Could you set down the lines from the first line of the entries below through the line with "Screen Guard Features.", exactly and with no pictures?

★ ★ ★

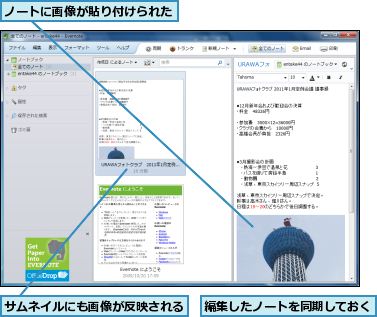 サムネイルにも画像が反映される,ノートに画像が貼り付けられた,編集したノートを同期しておく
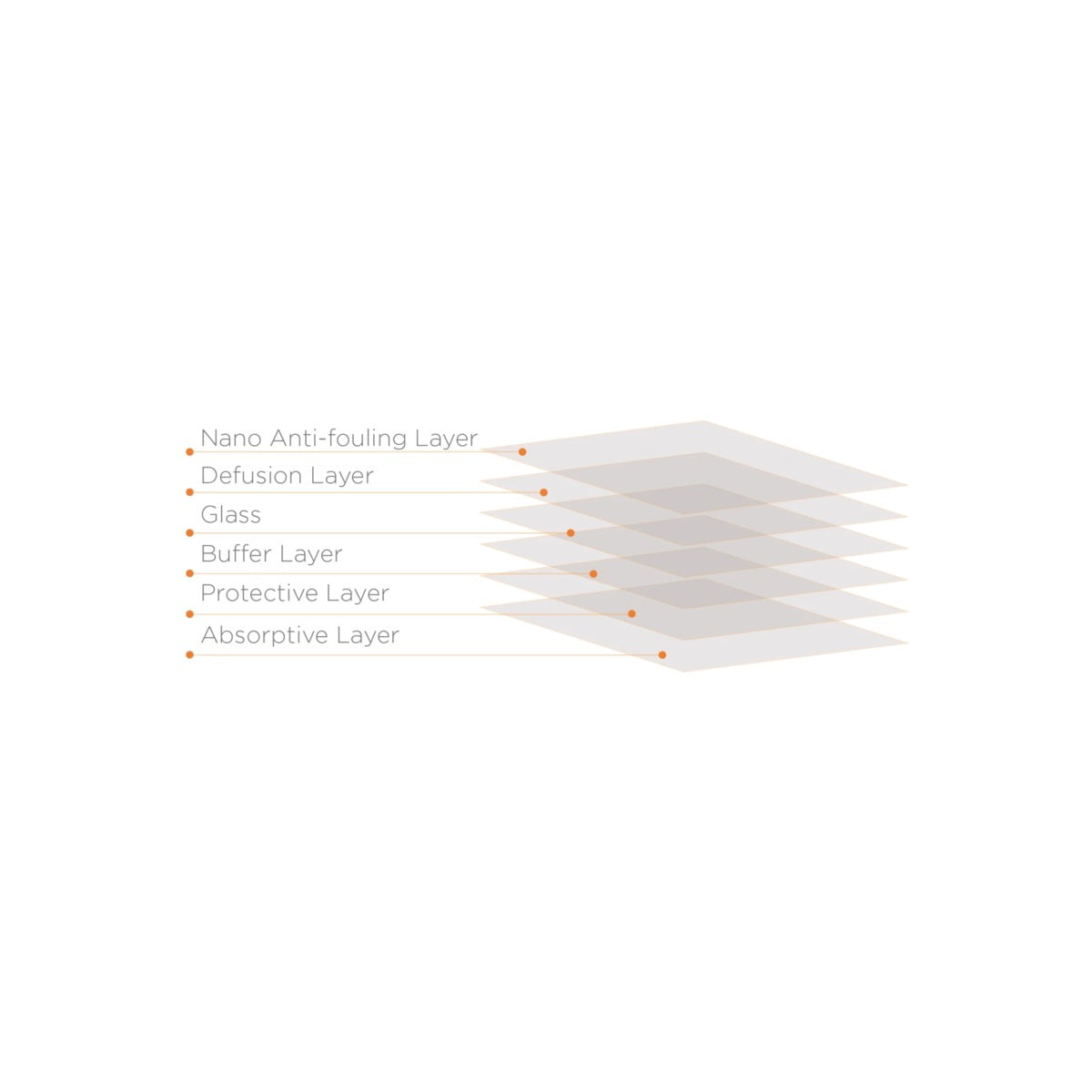 Ochrana displeje na iPad Air 13" M2 Mobile Origin Screen Guard - iSTYLE CZ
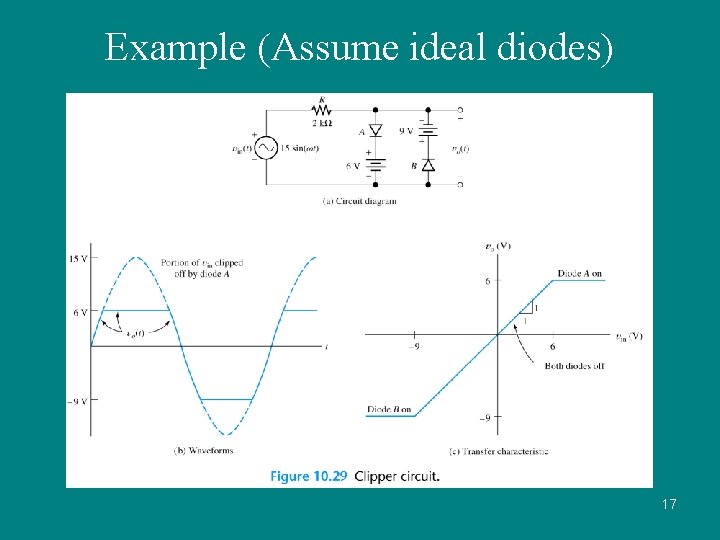 Example (Assume ideal diodes) 17 
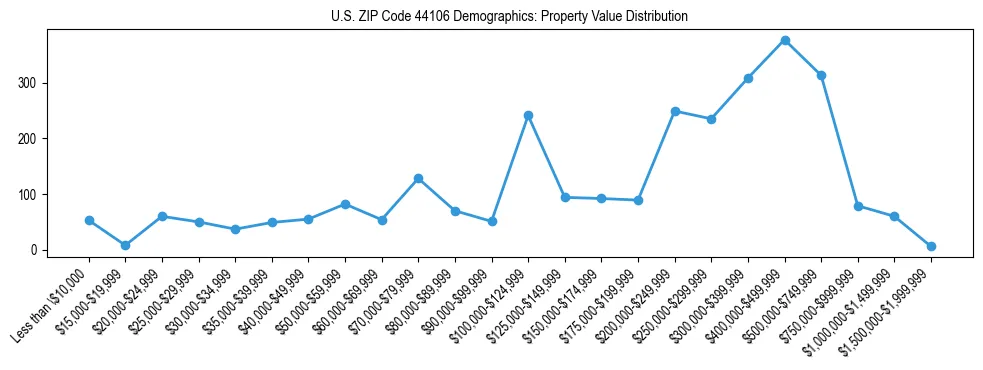 Line chart showing the distribution of property values for owner-occupied housing units in US ZIP Code 44106.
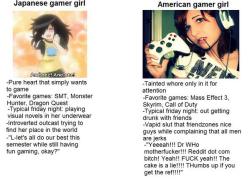 kayinnasaki:  :|    Skyrim and Call Of Duty are dogshit but Mass Effect 3 went in. Also this isn&rsquo;t real, it can&rsquo;t be real. No one is that fucking delusional. The Japanese &ldquo;gamer girl&rdquo; is as unrealistic an idea as the American &ldqu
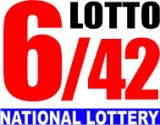 Philippine Lotto 6/42 Draw Schedule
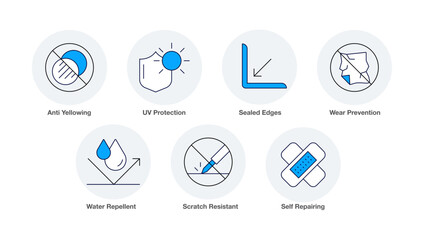 Screen Guard Features. Scratch Resistant, Self Repairing, Water Repellent, Anti Yellowing, UV Protection, Wear Prevention, Sealed Edges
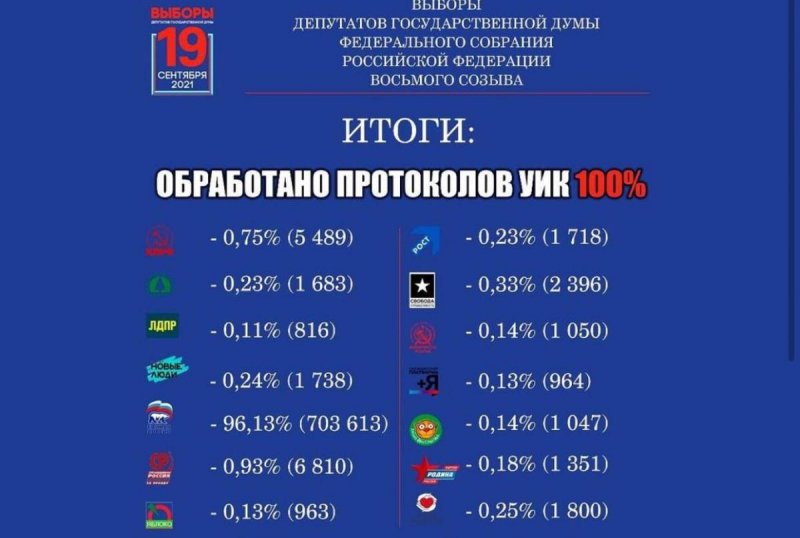 ЧЕЧНЯ. 96,13% жителей республики на выборах в Госдуму России проголосовали за «Единую Россию»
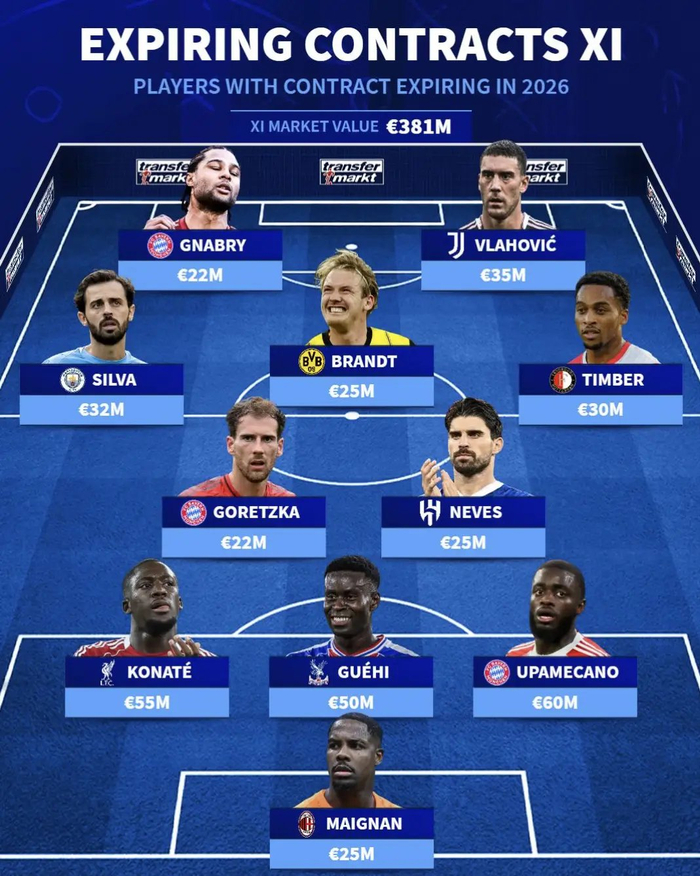 11人总身价3.81亿欧，德甲与英超的明夏合同炸弹谁埋的？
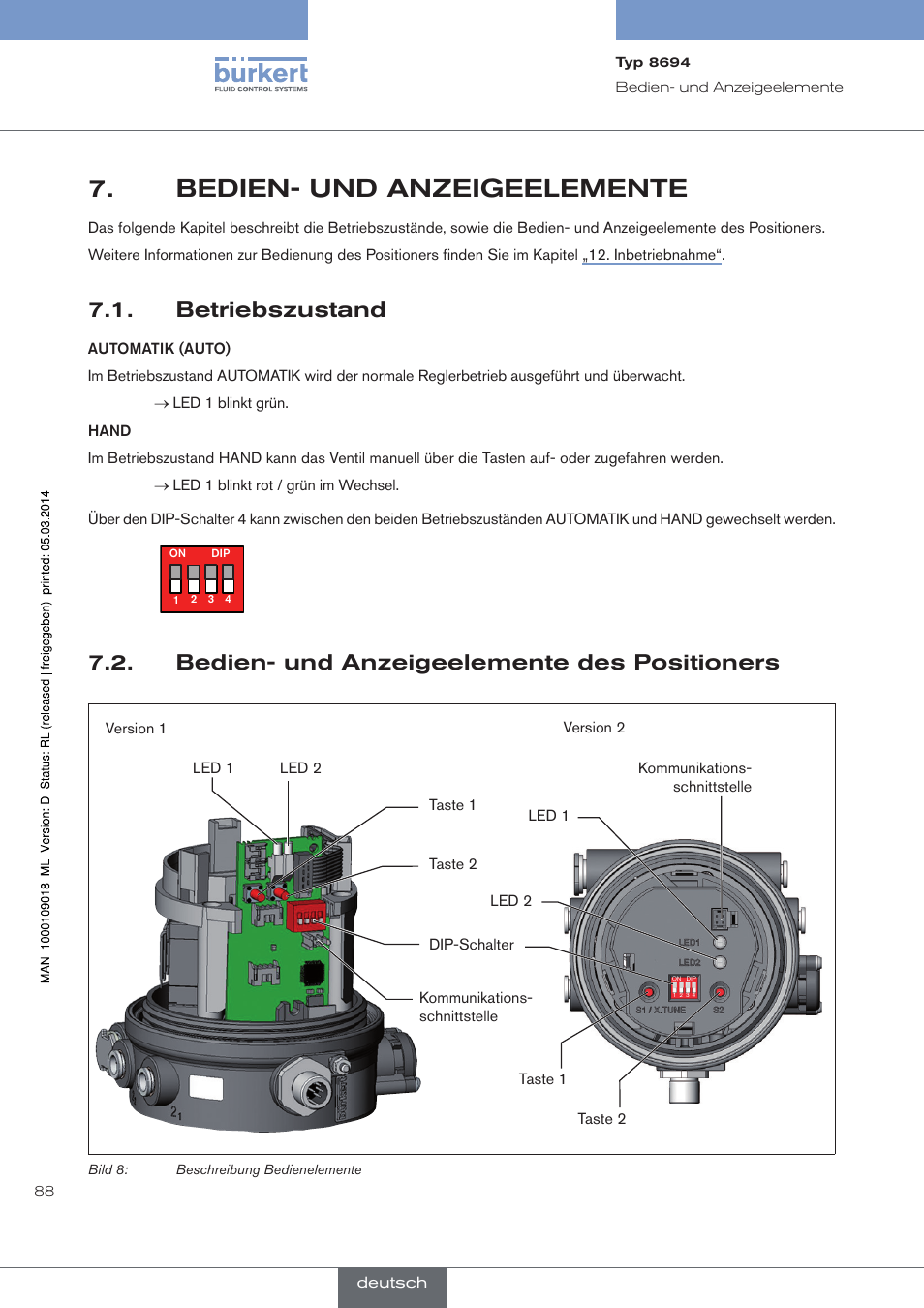 Bedien- und anzeigeelemente, Betriebszustand, Bedien- und anzeigeelemente des positioners | Burkert Type 8694 User Manual | Page 88 / 196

★ ★ ★

--- Output ---
 サムネイルにも画像が反映される,ノートに画像が貼り付けられた,編集したノートを同期しておく
 Ochrana displeje na iPad Air 13" M2 Mobile Origin Screen Guard - iSTYLE CZ
 Example (Assume ideal diodes) 17 
 Line chart showing the distribution of property values for owner-occupied housing units in US ZIP Code 44106.
 kayinnasaki:  :|    Skyrim and Call Of Duty are dogshit but Mass Effect 3 went in. Also this isn&rsquo;t real, it can&rsquo;t be real. No one is that fucking delusional. The Japanese &ldquo;gamer girl&rdquo; is as unrealistic an idea as the American &ldqu
 Philippine Lotto 6/42 Draw Schedule
 Screen Guard Features. Scratch Resistant, Self Repairing, Water Repellent, Anti Yellowing, UV Protection, Wear Prevention, Sealed Edges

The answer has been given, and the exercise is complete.